Já entre os que estão na classe média a algum tempo, ou se preparando para escalar os paredões do alpinismo social, o reacionarismo está na questão de se aferrar em privilégios históricos que constituem o ideal de vida. Desmontar a estrutura de regalias e benefícios que estão arraigados na sociedade pelo menos desde Cabral, agora que eles estão "chegando lá", seria uma injustiça desmedida. Eles também querem desfrutar da boquinha. É o que Veblen chamou de emulação pecuniária: indivíduos se comparam uns aos outros de forma a determinar quem é o melhor, ou quem é o vencedor, a disputa de egos e poder na arena econômica.

Para obter a estima de seus pares, não é suficiente a mera posse de poder ou riqueza. Há que se por em evidência e mostrá-las, como os fiscais da prefeitura de São Paulo apanhados em delito. Esta pantomima simbólica se materializa através da posse de certos bens, cujos anseios são infinitos, pois uma vez saciados todos os desejos, é inerente ao prórpio sistema a criação de necessidades artificiais. Como dizia a assinatura da marca Diesel, temos que buscar “The Successful Living”: o sucesso ou o poder são expressos pela posses de bens e marcas de prestígio, raras e pouco acessíveis. O status é algo tão irracional que bagunça qualquer teoria econômica pressuposta na razão.

A faculdade particular é o exemplo mais bem acabado desta realidade. Para ampliar o número de alunos e diminuir os problemas de inadimplência, decidem baixar os preços. O efeito é o reverso: a redução dá a entender que a qualidade caiu, junto com o prestígio da escola em si, causando uma queda correspondente na procura. Por outro lado, quando aumentam as mensalidades, cresce o número de matrículas. No entanto, há o problema prático de acessibilidade. A solução adotada por muitas instituições é incrementar simultaneamente o preço do ensino e a disponibilidade de auxílio financeiro e descontos para alunos carentes, o que permite que a instituição amplie o número de alunos matriculados, reforce seu “revestimento” de qualidade e pareça benevolente ao oferecer mais auxílio e descontos para os alunos. (…) essas táticas devem ser usadas com cuidado, pois os programas de auxílio ou descontos excessivamente abundantes minam o efeito.

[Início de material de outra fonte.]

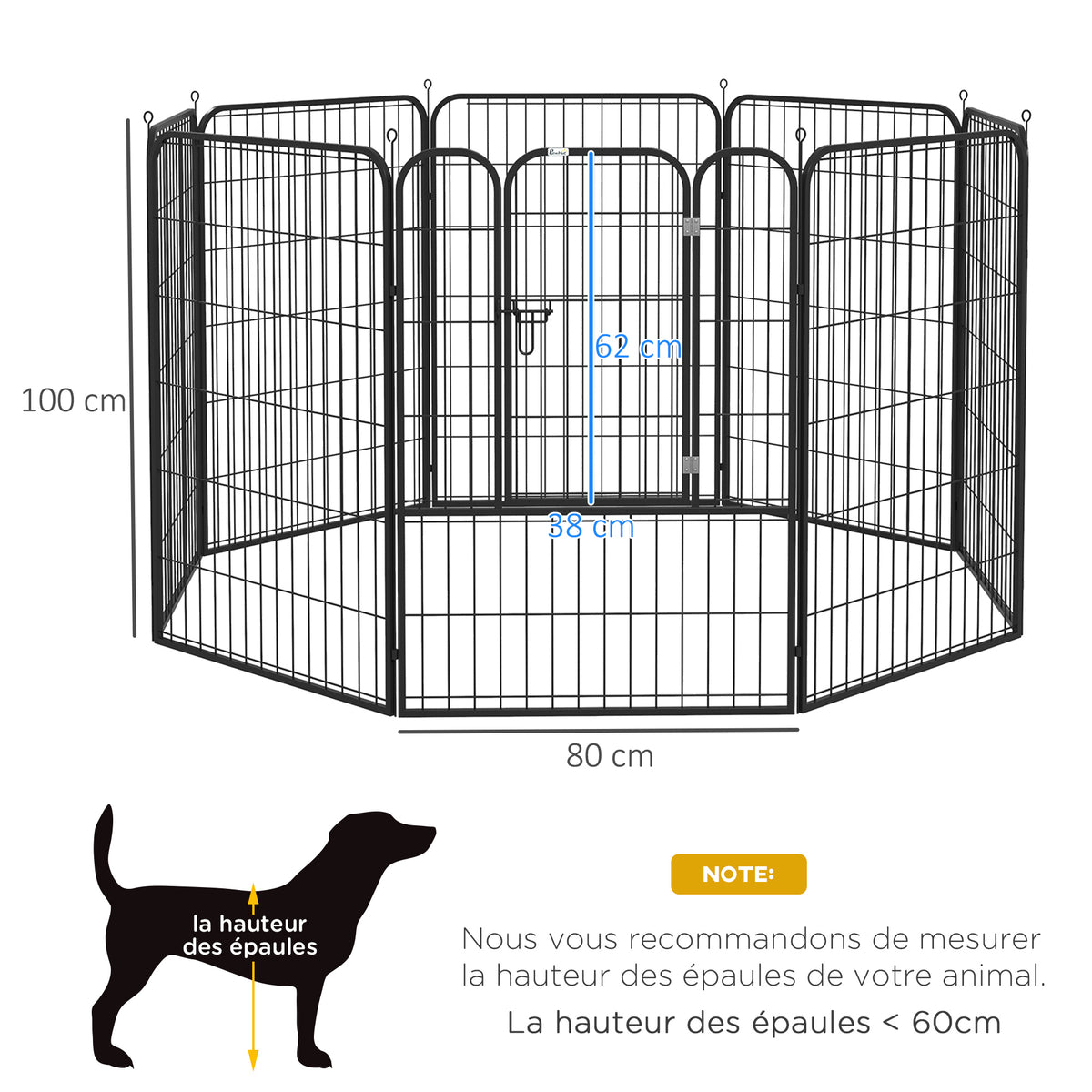 Luxury modular epoxy steel playpen with lockable door for dogs, rabbits, rodents, small animals, indoor and outdoor 80 x 100 cm black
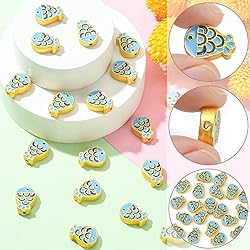 LiQunSweet 20 Pcs Enamel Marine Animal Golden Bead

Assim como as casas noturnas prediletas da classe média. Quanto mais cara, singifica melhor e mais bem frequentada, pois quem tá lá é quem teve grana/contato para entrar. E tem coisa melhor do que cair na night rodeado de gente rica e bonita? Ainda bem que nem todos pensam assim...




* "Na fase superior da sociedade comunista, quando houver desaparecido a subordinação escravizadora dos indivíduos à divisão do trabalho e, com ela, o contraste entre o trabalho intelectual e o trabalho manual; quando o trabalho não for somente um meio de vida, mas a primeira necessidade vital; quando, com o desenvolvimento dos indivíduos em todos os seus aspectos, crescerem também as forças produtivas e jorrarem em caudais os mananciais da riqueza coletiva, só então será possível ultrapassar-se totalmente o estreito horizonte do direito burguês e a sociedade poderá inscrever em suas bandeiras: De cada qual, segundo sua capacidade; a cada qual, segundo suas necessidades" Karl Marx, Crítica ao Programa de Gotha, 1875.

3 comentários:

Apelido disponível: Sala Fério disse...

Muito bom! Seu texto e sua capacidade analítica são muito boas.

Apelido disponível: Sala Fério disse...

Correção: (ops) bons!

Marco disse...

Muito thanks!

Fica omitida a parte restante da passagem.